**RECORD EXCERPTS:**
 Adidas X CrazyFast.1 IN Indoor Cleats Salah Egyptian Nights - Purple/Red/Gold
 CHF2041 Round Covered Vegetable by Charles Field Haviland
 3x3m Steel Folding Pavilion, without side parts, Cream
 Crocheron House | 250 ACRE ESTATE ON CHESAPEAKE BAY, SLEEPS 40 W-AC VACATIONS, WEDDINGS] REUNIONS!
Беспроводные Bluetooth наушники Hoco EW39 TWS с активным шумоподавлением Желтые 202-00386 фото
* * *
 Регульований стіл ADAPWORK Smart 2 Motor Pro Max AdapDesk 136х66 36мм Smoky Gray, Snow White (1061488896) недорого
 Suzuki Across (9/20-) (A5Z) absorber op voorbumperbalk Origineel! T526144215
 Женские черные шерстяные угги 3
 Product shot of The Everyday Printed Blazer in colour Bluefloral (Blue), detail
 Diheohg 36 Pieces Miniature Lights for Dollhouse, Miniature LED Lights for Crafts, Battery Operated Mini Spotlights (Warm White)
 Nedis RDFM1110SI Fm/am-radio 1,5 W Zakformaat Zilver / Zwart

**YOUR ASSIGNMENT:**
Beginning at the line above that contains "Suzuki Across (9/20-)", return each line exactly through the line that contains "Nedis RDFM1110SI Fm/am-radio", and no others.

**FINISHED TASK:**
 Suzuki Across (9/20-) (A5Z) absorber op voorbumperbalk Origineel! T526144215
 Женские черные шерстяные угги 3
 Product shot of The Everyday Printed Blazer in colour Bluefloral (Blue), detail
 Diheohg 36 Pieces Miniature Lights for Dollhouse, Miniature LED Lights for Crafts, Battery Operated Mini Spotlights (Warm White)
 Nedis RDFM1110SI Fm/am-radio 1,5 W Zakformaat Zilver / Zwart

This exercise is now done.